# Worlds cheapest Intake Adapter



## maxpower559 (Sep 6, 2002)

working my ass off @ THE HOME DEPOT today, and i came across the greatest buy ever. Everyone must know! In the electrical Department there is this fitting for conduit(used to run electrical lines through a pipe and attach it to a wall or fixed spot) this piece is no different than any other intake filter hookup but its only .98cents they have them in sizes from 1.5inches for you geo, up to 3''. i came home with 10 of them...greatest find of the month. do share this information with all who plan on getting an upgraded filter.

by the way. due to the way the sentra MAF is you might have to redrill two of the holes to keep the adapter centered, but other than that your in the game...oh...and the little rubber 'O' ring is not thick enough to seal all around so i just put two layers of electric tape around the mas just to keep it air tight.

Post a responce if ya want
NISSAN Shiftositions


----------



## GA16DESentraXE (Dec 17, 2002)

Home Depot/Lowe's/etc rocks my word when if comes to fab'ed up car parts. =)

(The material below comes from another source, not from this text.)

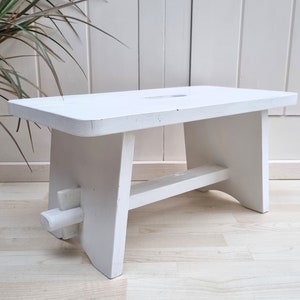May include: A white wooden stool with a simple design. The stool has a rectangular top and four legs. The legs are connected by a horizontal support beam.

It's not ghetto, it's functional. =)


BTW, Nice find!


----------



## sunnysentra (Jul 24, 2002)

better clean those battery posts. they look corroded. Clean that compartment son!


----------



## GA16DESentraXE (Dec 17, 2002)

Hahah... Yeah, they've been cleaned, and the connectors have been replaced. That's a OLD pic... She's a lot cleaner now.


----------



## toolapcfan (Jul 10, 2002)

Not bad Matt! The nice thing about that MAF to filter tube you built is that it won't get heat-soaked, doesn't weigh much more than a steel pipe, will not corrode and it was pretty cheap to build. If you didn't already, you might want to "port" it if you will. There's some rough joints where the ABS pipes butt into the fittings, fill those up with some Duraglass and it'll help keep the air moving through smoothly.  And Maxpower559 thanks for the tip, that's awesome! Was it a galvanized fitting or a plastic one? Either way it's a good deal.


----------



## maxpower559 (Sep 6, 2002)

galvanized....hey btw, it looks small and like a filter wont fit over it but ive used it on my k&n filter and some POS kragen filter if the filter attachment is rubber its gotta fit....


----------



## PrOxLaMuS© (Aug 11, 2002)

can someone please post a How To... on how to build an custom intake..?

I have seen someone's tutorial on CarDomain.. but it wasnt very descriptive...

What exactly would I need, and how many? 
What is that metal thing between the Red and "Chrome" piping and the Black piping?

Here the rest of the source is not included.